Whole new ballgame: Knockout qualifying changes everything

Published Jan. 23, 2014 9:27 a.m. ET

Bryan Sperber is a happy guy this morning, and with good reason.

Sperber is the president of Phoenix International Raceway, which hosts the second NASCAR Sprint Cup points race of the season, the March 2 Subway Fresh Fit 500. And that race just happens to be the first Sprint Cup event in which NASCAR will implement its new qualifying procedures.

At PIR and other tracks less than 1.25 miles, NASCAR's new qualifying procedure will be as follows:

The first qualifying session will be 30 minutes long and include all cars entered in the race. The 12 cars that post the fastest single lap time in this session will advance to the second and final round. The remaining cars will be sorted based on their times posted in the first round of qualifying in descending order.


There will be a 10-minute break between the two qualifying rounds.

The second and final qualifying round will last 10 minutes, with the fastest single lap time posted by each car setting the top 12 spots on the grid.

At tracks longer than 1.25 miles, there will be three qualifying rounds.

These procedures will be used at every race in NASCAR's top three series this year except the Daytona 500, which uses twin qualifying races to set the final field, and the NASCAR Camping World Truck Series race on the dirt at Eldora Speedway.

Drivers will be allotted just a single set of tires during qualifying, which means fans will see a lot of different strategies. And as president of the first track to host the new qualifying system for the Sprint Cup series, Sperber is very enthusiastic.

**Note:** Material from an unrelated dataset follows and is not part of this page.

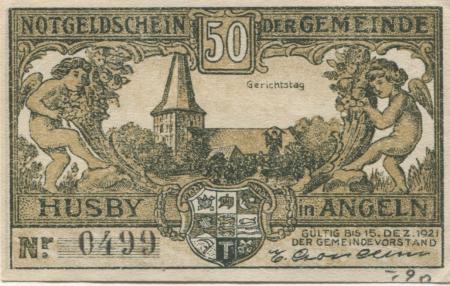 Husby - Gemeinde - - 15.12.1921 - 50 Pfennig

"We are thrilled and it will be fun because we are the first track to experience this new qualifying format, and so our fans will get the first taste of it live," said Sperber in an exclusive interview with "We're pretty excited about it."

Sperber hopes the new format brings in more fans on Friday.

"Over the years, qualifying was part of the process that needed to be done, but didn't necessarily pack a lot of entertainment, although we've had some suspenseful qualifying sessions in the past," said Sperber.

"But it seemed like more a function than entertainment," he said. "But I think what NASCAR did is reintroduce the idea of entertainment. So I think for fans at the track for qualifying day, this gives them something a lot more interesting to watch, and I think it's great for the sport."

Driver reaction has been positive, as well.

"I found this quote fitting," Tweeted six-time and defending Sprint Cup champion Jimmie Johnson. "'All great changes are preceded by chaos.' -- Deepak Chopra Get ready @nascar fans!"

"New qualifying rules for @NASCAR 2014 season should really mix it up," added 2012 Cup champ Brad Keselowski in a tweet. "I expect a lot more actions for fans and even more games from Teams."